▸ MATERIAL FOR THIS TASK:
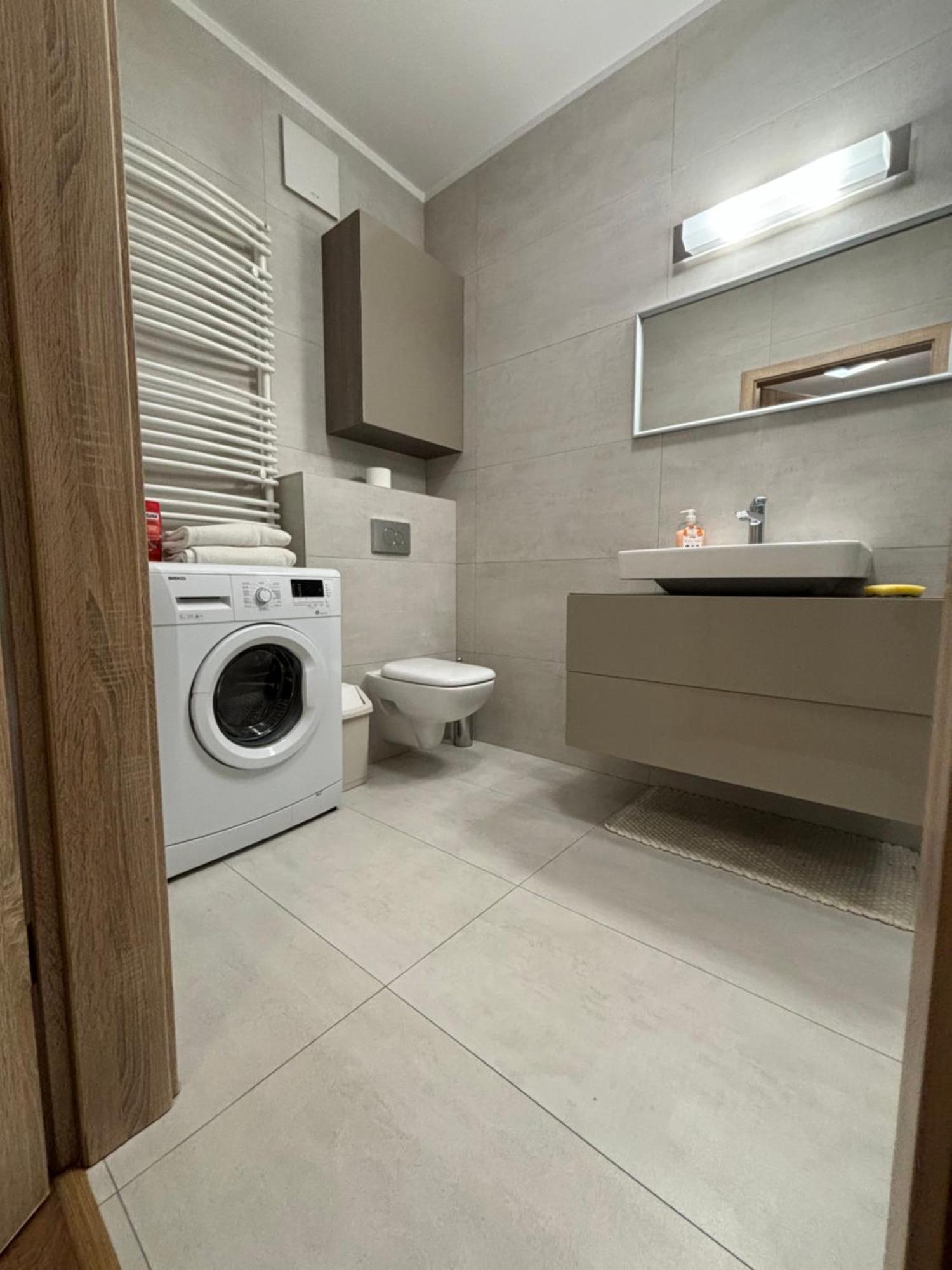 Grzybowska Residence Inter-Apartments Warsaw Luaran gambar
...
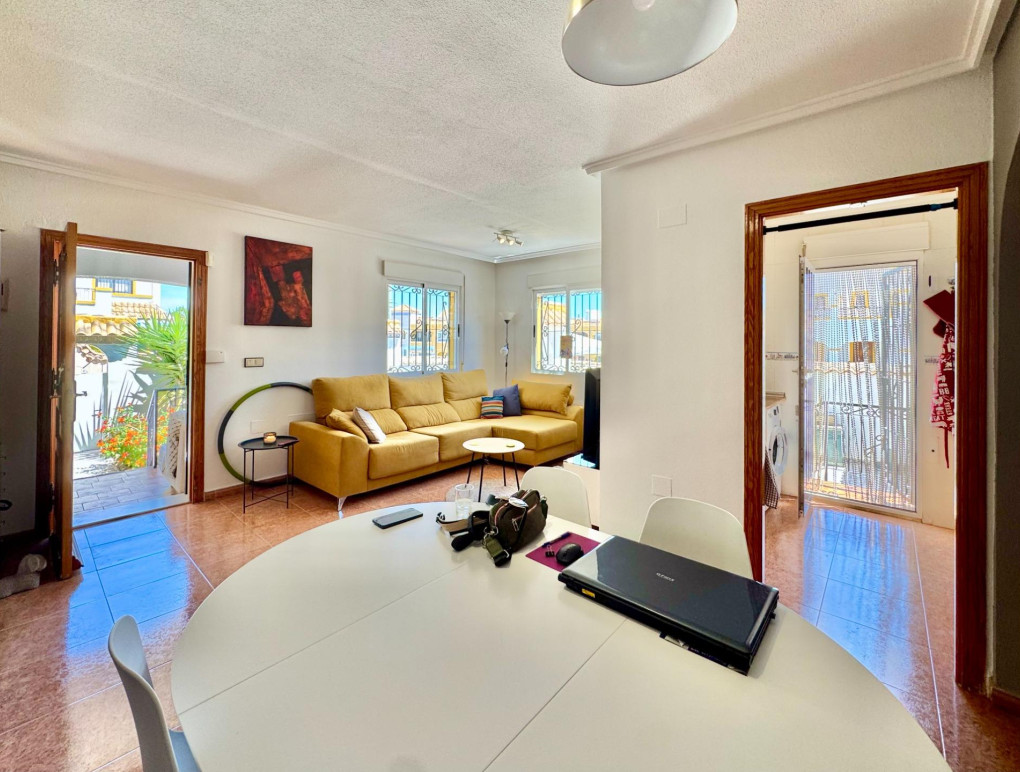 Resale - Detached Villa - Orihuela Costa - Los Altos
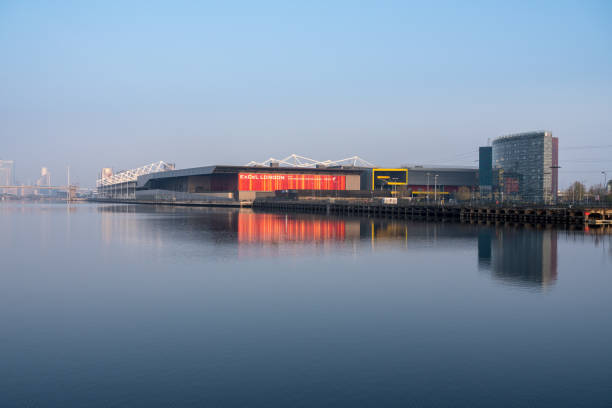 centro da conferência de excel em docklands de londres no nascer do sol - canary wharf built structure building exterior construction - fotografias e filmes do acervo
==
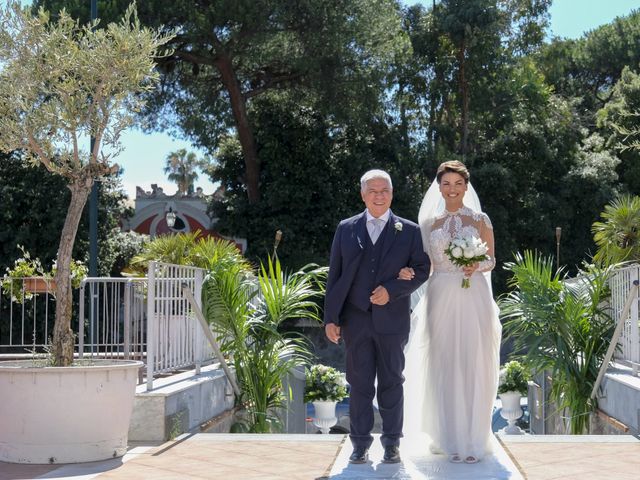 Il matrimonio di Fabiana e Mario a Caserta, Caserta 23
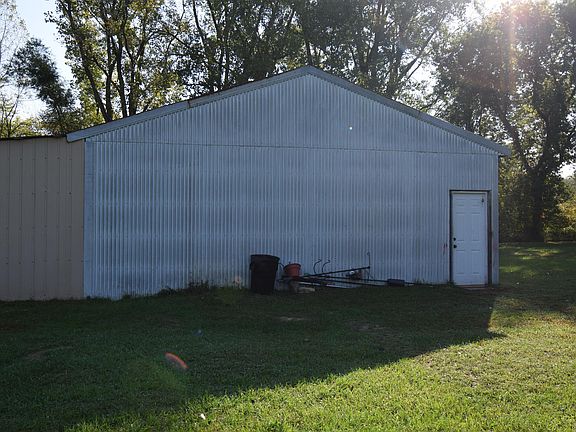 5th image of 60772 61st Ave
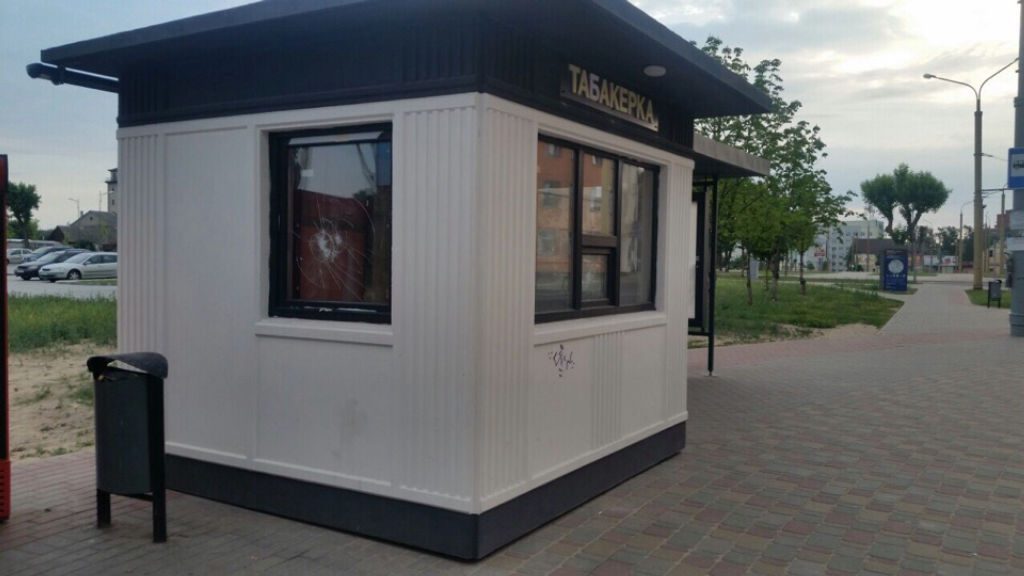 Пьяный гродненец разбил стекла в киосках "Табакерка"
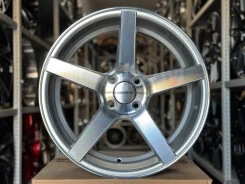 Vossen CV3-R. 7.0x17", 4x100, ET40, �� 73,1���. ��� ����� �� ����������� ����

▸ EXERCISE INSTRUCTIONS: Within the listing above, the lines starting at the one containing "5th image of 60772 61st Ave" and ending at the one containing "ET40, �� 73,1���. ��� ����� �� ����������� ����" are to be returned exactly. Omit the pictures.

▸ RESULT:
 5th image of 60772 61st Ave
 Пьяный гродненец разбил стекла в киосках "Табакерка"
 Vossen CV3-R. 7.0x17", 4x100, ET40, �� 73,1���. ��� ����� �� ����������� ����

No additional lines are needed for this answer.